I think that finding an answer to the above question is extremely unlikely, since as far as I have been able to tell, there is no universally accepted definition of what constitutes a cluster - so, the answer to the above question is completely dependent on the algorithm used count clusters. So, I will modify the above question in a couple of ways...

2a. Is there a general formula for the probability of counting a given number $C$ of clusters for a sample size of $N$, for a given algorithm $A$, i.e., a formula of the form $P_{A}(N,C)=...$?

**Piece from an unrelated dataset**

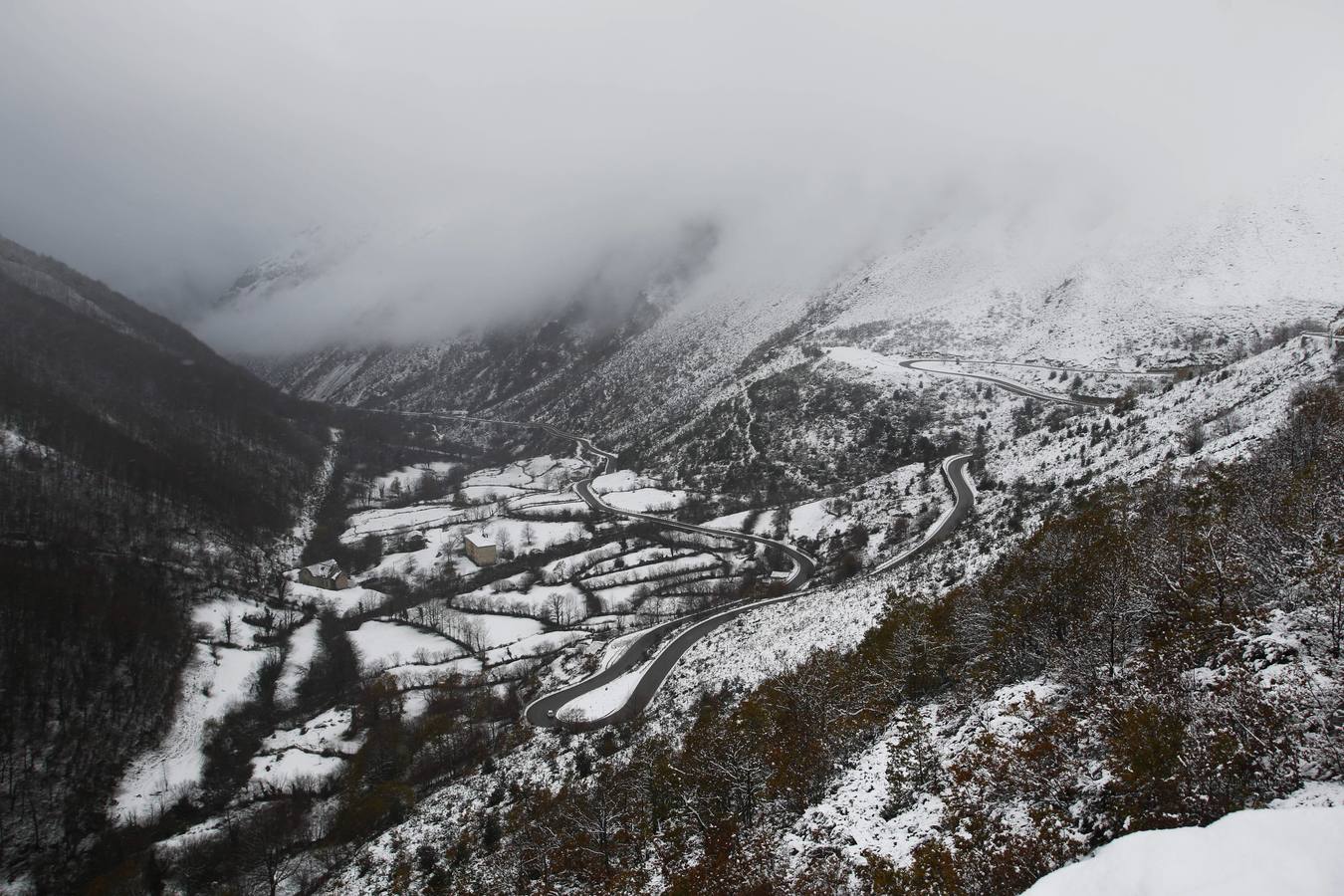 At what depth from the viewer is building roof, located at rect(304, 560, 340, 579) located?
102 metres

2b. Are there formulas for counting a given number $C$ of clusters for a sample size of $N$, for some commonly used clustering algorithms (e.g., k-means clustering), i.e., formulas of the form $P_{A}(N,C)=...$?

If the answers to any of the above questions are yes, in what way are they generalizable to higher dimensions? I.e., the above question was phrased for data on a 1D interval $[0,1]$. But, if there was a 2D interval $[0,1]\times[0,1]$, then you could have clustering in the $x$-direction, the $y$-direction, or both directions simultaneously. Similarly for $D$ dimensions. So, my final version of the above questions are...

3a. Is there a general formula for the probability of counting a given number $C$ of clusters for a sample size of $N$, for a given dimensionality of the data $D$, and for a given algorithm $A$, i.e., a formula of the form $P_{A}(N,C,D)=...$?

3b. Are there formulas for counting a given number $C$ of clusters for a sample size of $N$, for a given dimensionality of the data $D$, and for some commonly used clustering algorithms (e.g., k-means clustering), i.e., formulas of the form $P_{A}(N,C,D)=...$?

Thank you very much for any help that you can give.

-HJ Farnsworth

2. Apr 27, 2014

mathman

For question 2a - it would depend on the precise definition of cluster. For 2b - I can't answer, since I am not familiar with the definition you are referring to.